Hab da mal sowas rausgehört...
oder gibt es sonst noch Altenativen grosse Grafiken (,wenn man sie schon nicht mehr verkleiner kann/will) zu laden??

gruss
bluemoon


----------



## Comander_Keen (29. April 2003)

ps gibt die möglichkeit seine arbeit direkt für das web zu optimieren. Also "Für Web speichern". Dort gibt es eine Fülle an unterschiedlichen Bildformaten und Einstellungen. Das php dir dabei helfen kann ist eigentlich nicht möglich. 

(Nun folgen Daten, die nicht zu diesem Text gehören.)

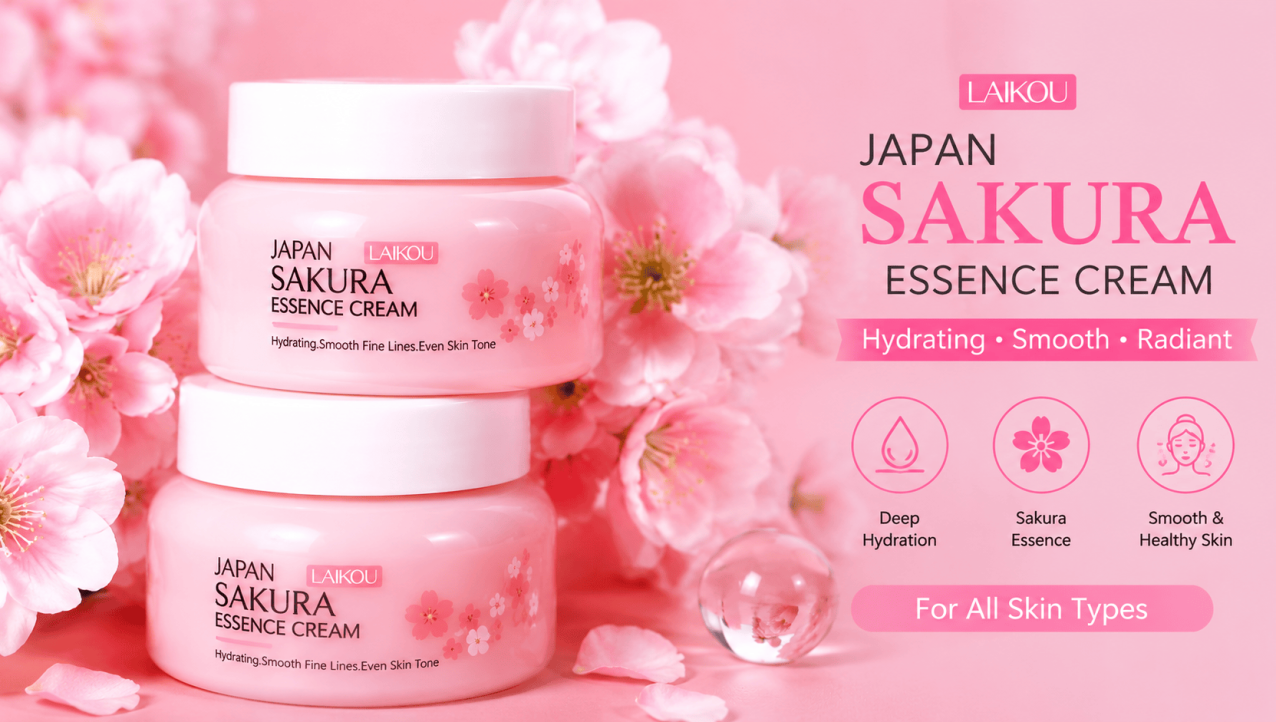 LAIKOU Japan Sakura Essence Face Cream Review – Hydrating Korean Skincare Moisturizing Cream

Zeig uns doch einfach ein paar beispiele deiner "effekte". Dann können wir dir sicherlich besser helfen.


----------



## bluemoon (29. April 2003)

Hi Commander Keen,

also die Option war mir bekannt aber ich bin mit den Ergebnissen nicht zufrieden.
Hier evtl. auch mal die Frage wie gross darf den ein komplettes Layout "einer" Seite sein ?

php: hab mal sowas gehört, auf' m server ist die Datei gespeichert User sieht nur das Ergebnis = Grafk , die aber auf dem Server geladen wird und nich in den Cache des Users so oder so ähnlich o.G.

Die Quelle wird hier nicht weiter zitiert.